[Scraped caption text data]
---------------
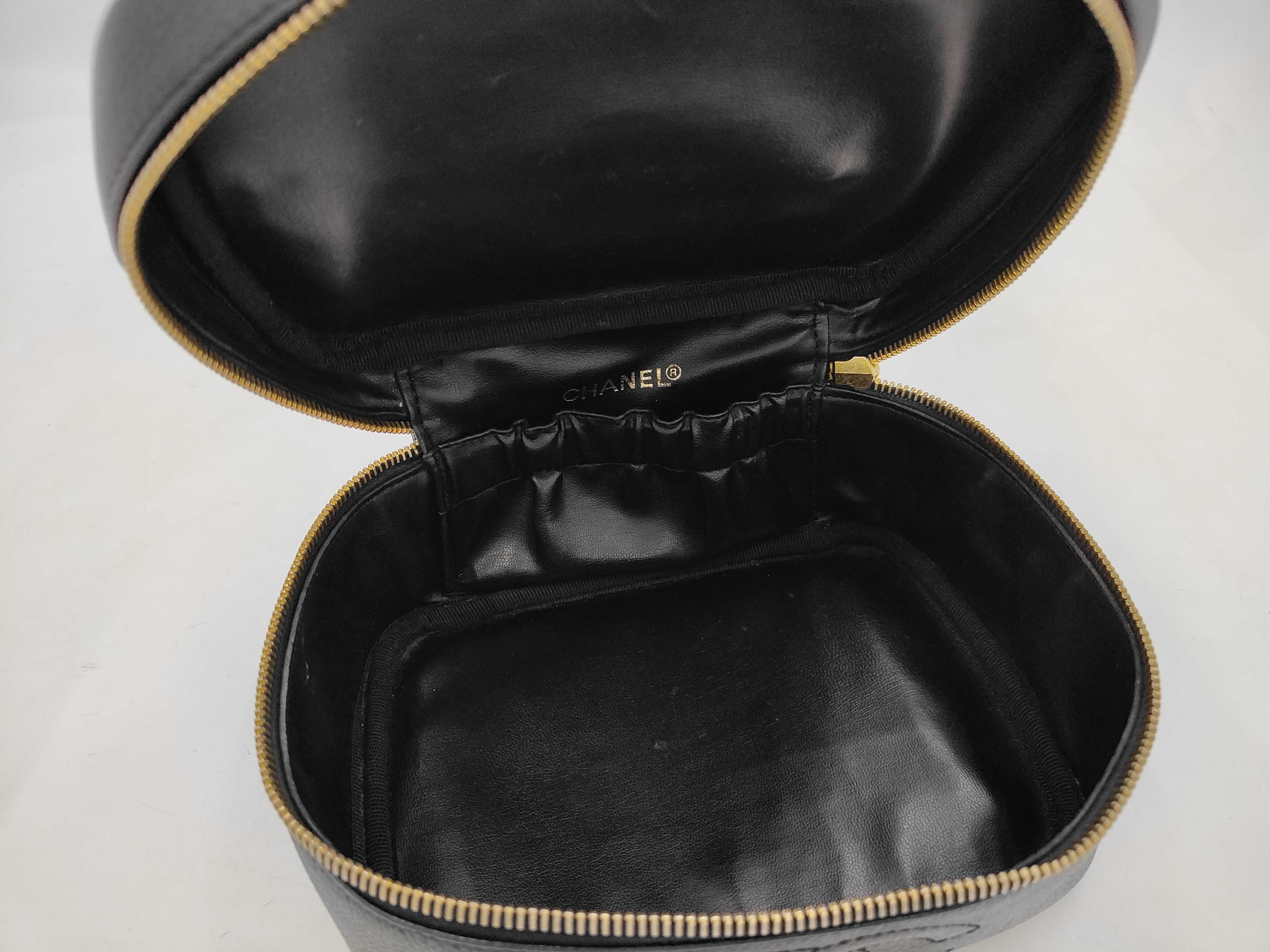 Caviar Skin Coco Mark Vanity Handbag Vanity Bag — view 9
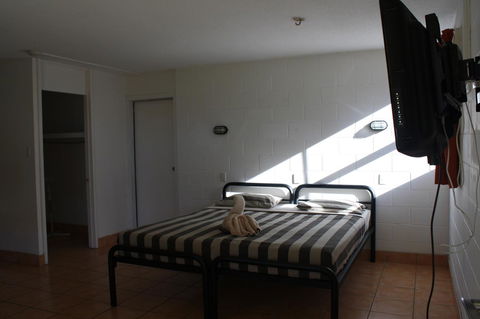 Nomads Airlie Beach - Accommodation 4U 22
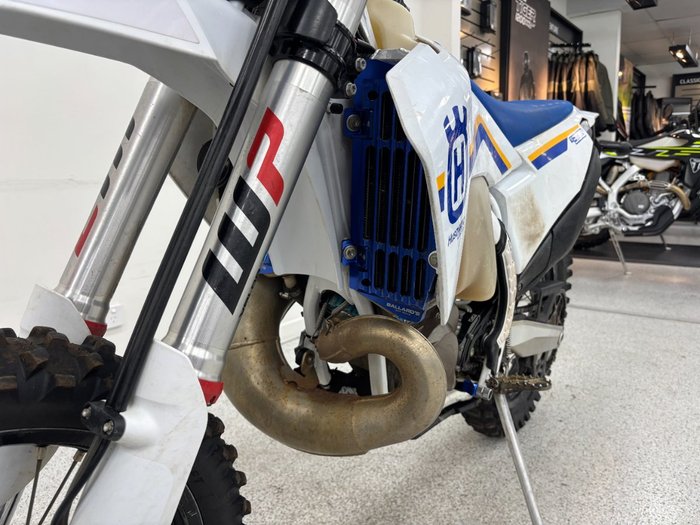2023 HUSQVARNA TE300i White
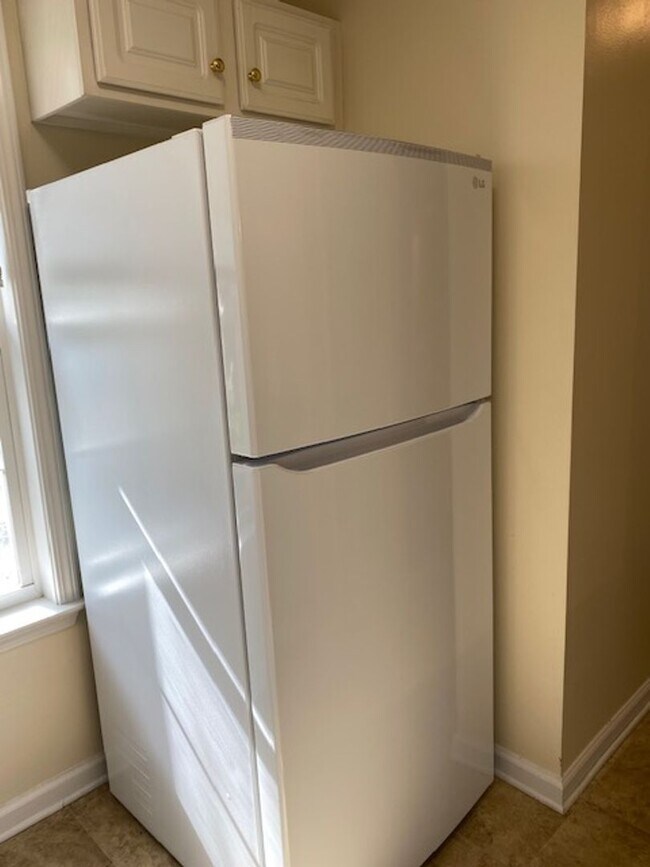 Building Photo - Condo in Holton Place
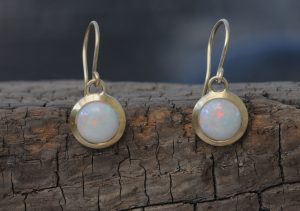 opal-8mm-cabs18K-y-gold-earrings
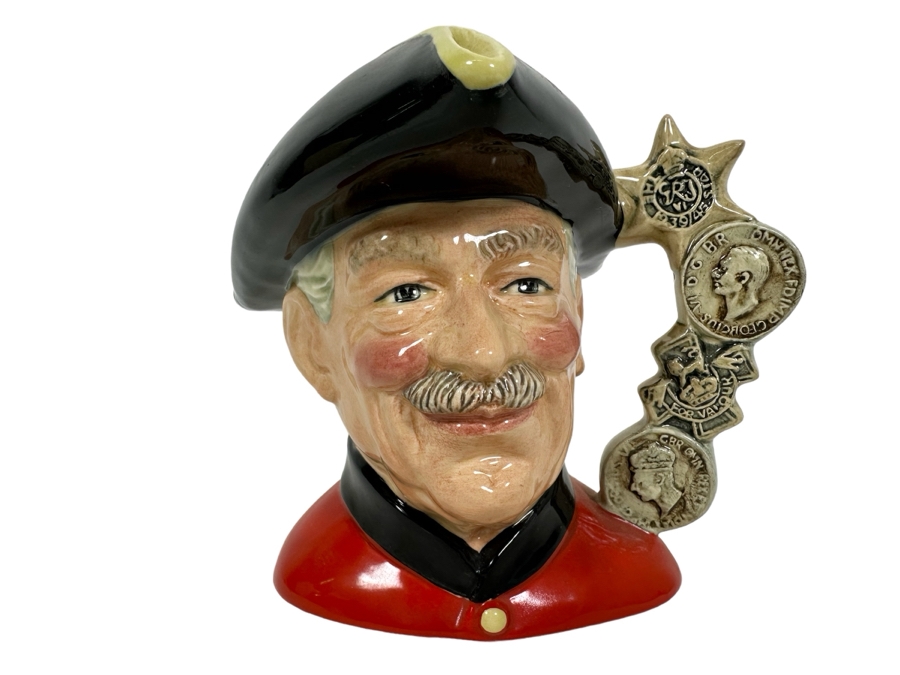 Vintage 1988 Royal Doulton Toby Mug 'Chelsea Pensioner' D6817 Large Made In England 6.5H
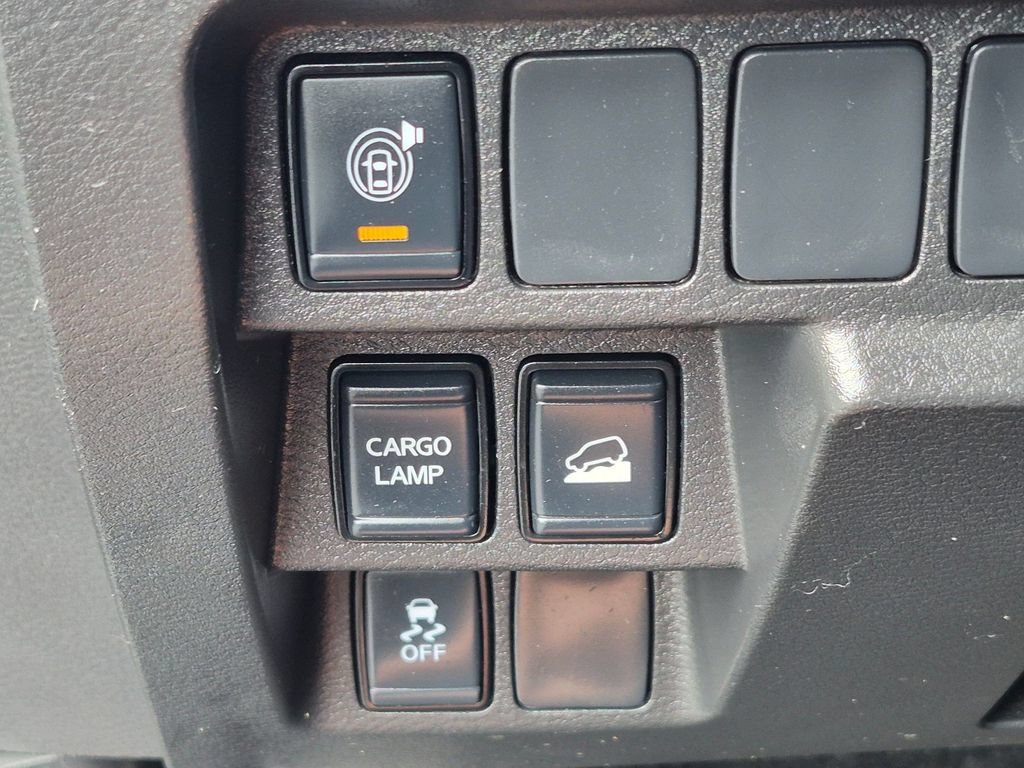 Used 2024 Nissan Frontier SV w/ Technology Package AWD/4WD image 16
---------------
[Requirement]
Copy out the data above exactly, except the pictures.

[Problem solution]
 Caviar Skin Coco Mark Vanity Handbag Vanity Bag — view 9
 Nomads Airlie Beach - Accommodation 4U 22
2023 HUSQVARNA TE300i White
 Building Photo - Condo in Holton Place
 opal-8mm-cabs18K-y-gold-earrings
 Vintage 1988 Royal Doulton Toby Mug 'Chelsea Pensioner' D6817 Large Made In England 6.5H
 Used 2024 Nissan Frontier SV w/ Technology Package AWD/4WD image 16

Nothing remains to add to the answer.